* Records:
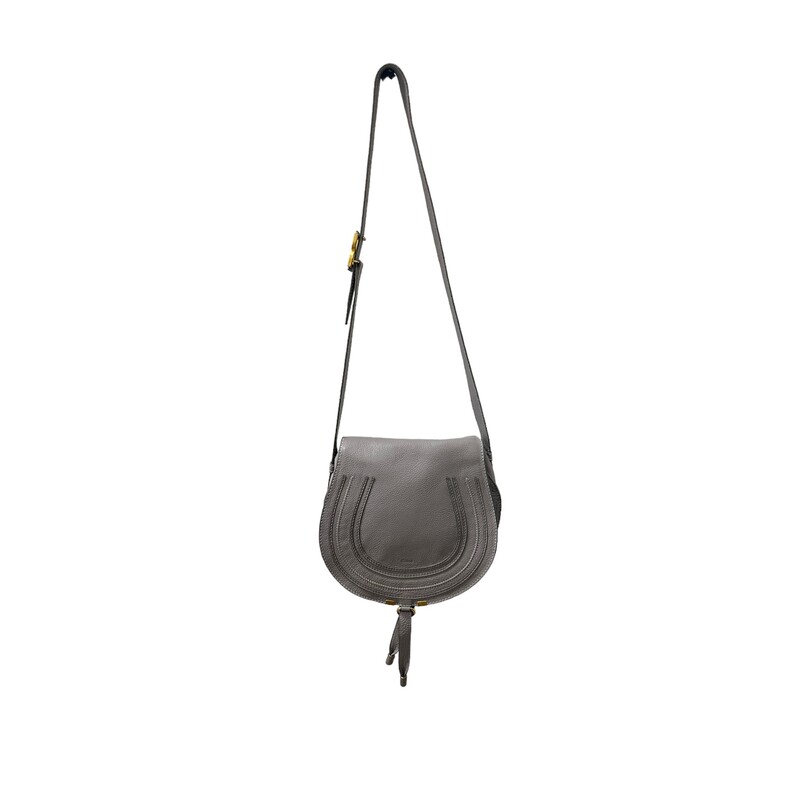 Chloe Marcie Crossbody

Curvaceous detailing and golden hardware ornament the saddle-shaped flap of a crossbody bag crafted from sumptuous grained leather in a spacious silhouette.

Magnetic-snap flap closure
Adjustable crossbody strap
Interior wall pocket; slip pocket beneath flap
Structured silhouette with flat base for stability
Linen lining
Leather
Made in Italy

Dimensions:
Base length: 11 in
Height: 10 in
Width: 4 in
Drop: 17 in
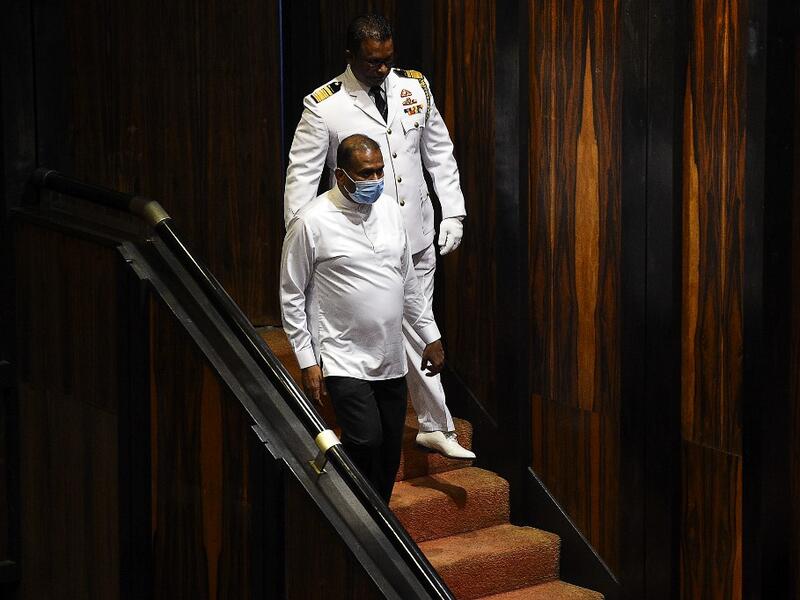 Sri Lanka's convicted murderer Premalal Jayasekara (L) arrives for a sworn in as a member of parliament from the ruling party in Colombo on September 8, 2020. Jayasekara becomes the first convict facing a death sentence to become a legislator in Sri Lanka. ISHARA S. KODIKARA / AFP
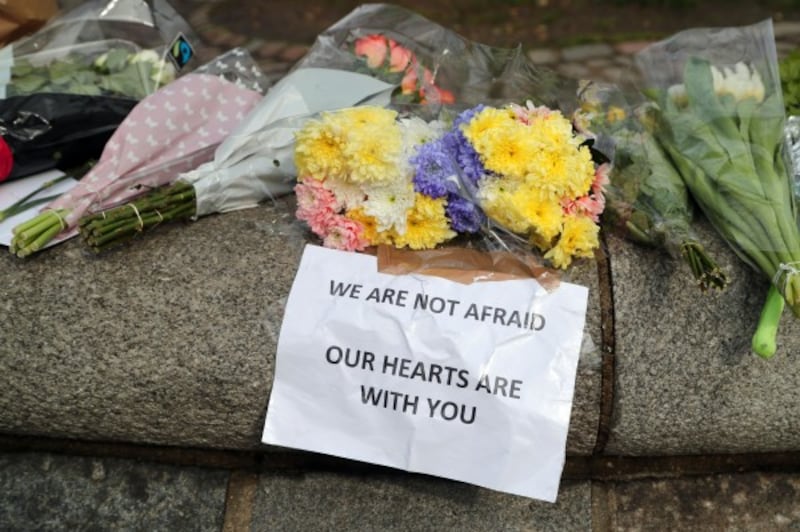 Flowers outside the Queen Elizabeth II Centre in London, after seven people were arrested in raids in London, Birmingham and elsewhere linked to the Westminster terror attack (Gareth Fuller/PA)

* Problem to solve: Begin at the line that contains "Adjustable crossbody strap" and transcribe exactly, and only, each line through the final line of the data above, both included; the pictures do not go in.

* Answer box:
Adjustable crossbody strap
Interior wall pocket; slip pocket beneath flap
Structured silhouette with flat base for stability
Linen lining
Leather
Made in Italy

Dimensions:
Base length: 11 in
Height: 10 in
Width: 4 in
Drop: 17 in
 Sri Lanka's convicted murderer Premalal Jayasekara (L) arrives for a sworn in as a member of parliament from the ruling party in Colombo on September 8, 2020. Jayasekara becomes the first convict facing a death sentence to become a legislator in Sri Lanka. ISHARA S. KODIKARA / AFP
 Flowers outside the Queen Elizabeth II Centre in London, after seven people were arrested in raids in London, Birmingham and elsewhere linked to the Westminster terror attack (Gareth Fuller/PA)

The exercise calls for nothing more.